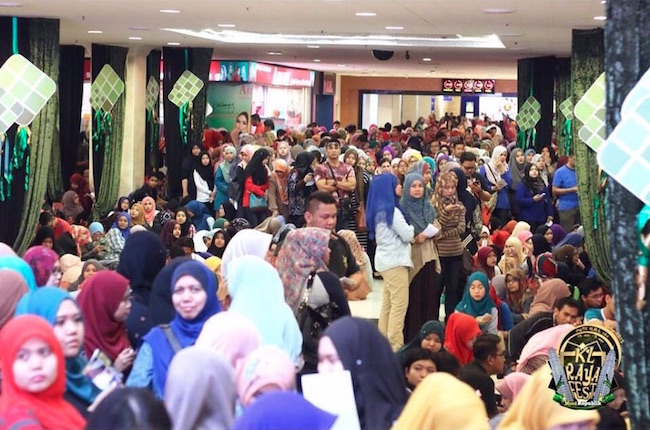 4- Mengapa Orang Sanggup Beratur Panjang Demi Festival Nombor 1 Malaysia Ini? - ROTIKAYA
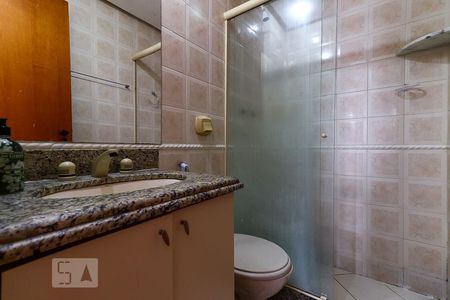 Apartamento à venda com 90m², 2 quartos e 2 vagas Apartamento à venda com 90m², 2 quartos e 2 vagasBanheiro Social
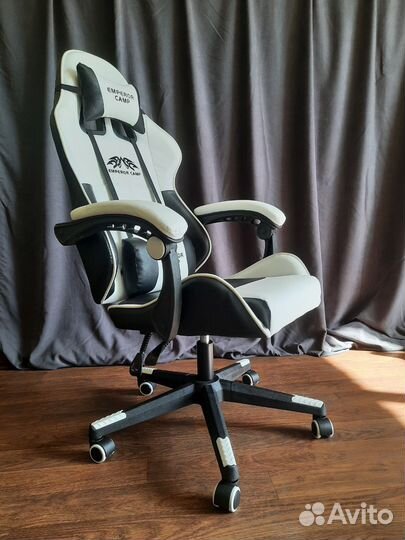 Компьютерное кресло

...

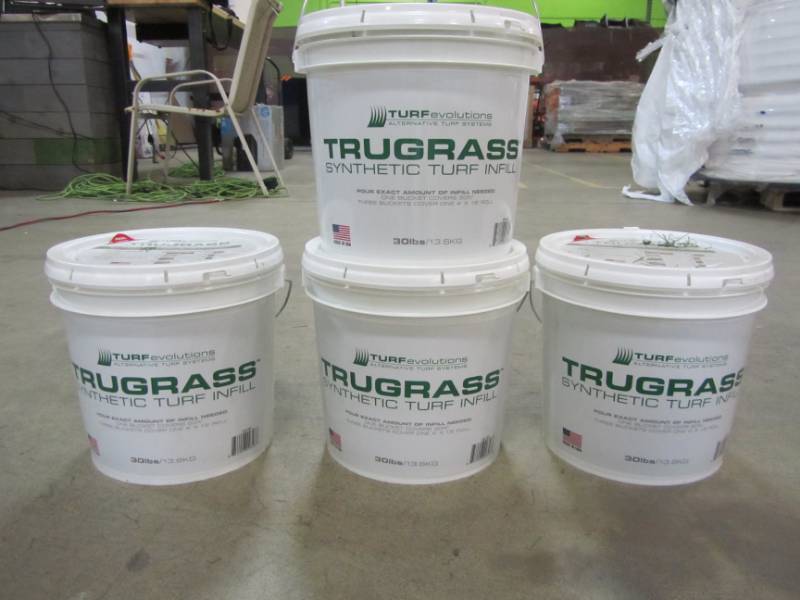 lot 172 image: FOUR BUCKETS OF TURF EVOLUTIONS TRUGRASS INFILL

Your task:
Where a picture appears in the records above, omit it, and transcribe exactly the stretch of lines from the one with "Apartamento à venda com 90m², 2 quartos e 2 vagas Apartamento" through the one with "Компьютерное кресло".

Result of the task:
 Apartamento à venda com 90m², 2 quartos e 2 vagas Apartamento à venda com 90m², 2 quartos e 2 vagasBanheiro Social
 Компьютерное кресло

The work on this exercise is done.